Email package maintainers when their packages are broken

Would it be beneficial to send emails to pkgs.racket-lang.org package maintainers?

I think this would enable maintainers to know about build problems such as undeclared dependencies, breakage due to a racket upgrade, or breakage due to a dependency update breaking a downstream package. We collect their emails and it seems like a good opportunity to engage devs maintaining great packages.

6 Likes

On principle, I think it's a good idea! However, I think it's very important that the mail volume for each package maintainer is relatively low. I assume many packages are maintained in their authors' free time and we shouldn't annoy them. (Ok, I think we shouldn't annoy them anyway. :wink: ) In particular, it would be probably bad if someone got so many unwanted mails that they decide to withdraw their package from the package server to avoid getting too many mails.

Here are a few ideas along these lines:

  • The mails should not be sent if an error condition continues. A mail should only be sent if a condition changes from "ok" to "not ok", or it should be sent once if the condition isn't "ok" from the start, i.e. when the package server processes a new or updated package for the first time.
  • It should be possible to adjust for which problems mails are sent. For example, I think it's more important to be notified of a necessary dependency that no longer exists on the package server in contrast to a missing README (as long as some documentation exists).
  • It should be possible to opt out of notification mails completely (if a package maintainer really wants this).
  • I wonder if it makes sense to have mails on error/warning conditions adjustable per package.

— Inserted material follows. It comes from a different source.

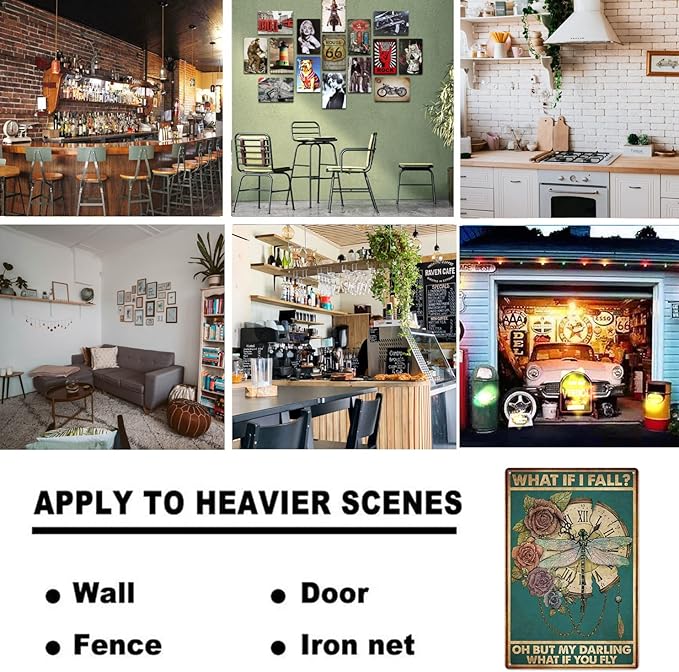 Fmcmly What If I Fall？Oh But My Darling What If You Fly Vintage Metal Tin Signs Home Bar Kitchen Hotel Office Bedroom Living Room Cafes Wall Decor 8x12 Inch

For example, someone might be interested in fixing problems in widely used packages right away, but not in fixing problems in very new experimental packages.

I don't know what's a MVP for this feature. Please discuss! :slight_smile:

3 Likes

Let me first state that I am not volunteering to implement this. With that said: as the maintainer of quite a number of packages on pkgs.racket-lang.org, I would not object to an email for each release (that is, four times a year) that tells me the state of each of my packages. I would also opt in to such a system, if there were a check-box for it....

5 Likes

A few brainstorming thoughts:

  • I agree the notifications should occur only for state changes. (No one wants a daily "it's still broken" message.)

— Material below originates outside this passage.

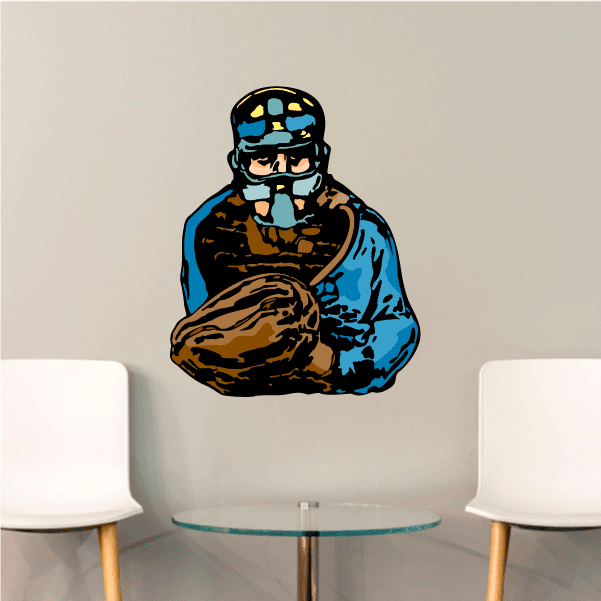 Blue catcher-style printed sticker with large mitt at chest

  • You could think of each package as having a single state, composed of multiple boolean pieces -- like (built-without-errors? tests-passed? has-documentation? has-good-dependencies?). You'd get some single, initial notification. Thereafter you'd only get notified if/when any of the sub-states change. I think that approach might avoid needing a UI and storage for users customizing about which changes to notify, frequency, etc. Would that be sufficiently non-noisy... maybe??

  • I keep saying "notifications" because this feels like something to delegate to (just for example's sake) AWS Simple Notification Service -- which handles thankless tasks like delivering emails (or other notify methods?), unsubscribes, etc. But I'm not really proposing AWS SNS because cost, because Amazon, etc. Although it's hard for me to imagine anyone doing this kind of work for free, does anyone know of anything like this?

People at Discord recently have a discussion that instead of letting the package server pull updates of packages automatically, it may be better to let users explicitly run a command to notify the package server (raco deploy-pkg? raco publish-pkg?). I think as a part of this publishing, raco setup --check-pkg-deps --unused-pkg-deps + raco test can be run by default, and if it doesn’t pass, it won’t by default let you publish to pkgs.racket-lang.org. This probably will take care of most issues, esp. dependency related ones.

I really don't think this is feasible. Building the code is a tricky and time-consuming process, and we wouldn't want to prevent publishing while waiting for that to happen, especially because it's non-trivial to do it for only a single package.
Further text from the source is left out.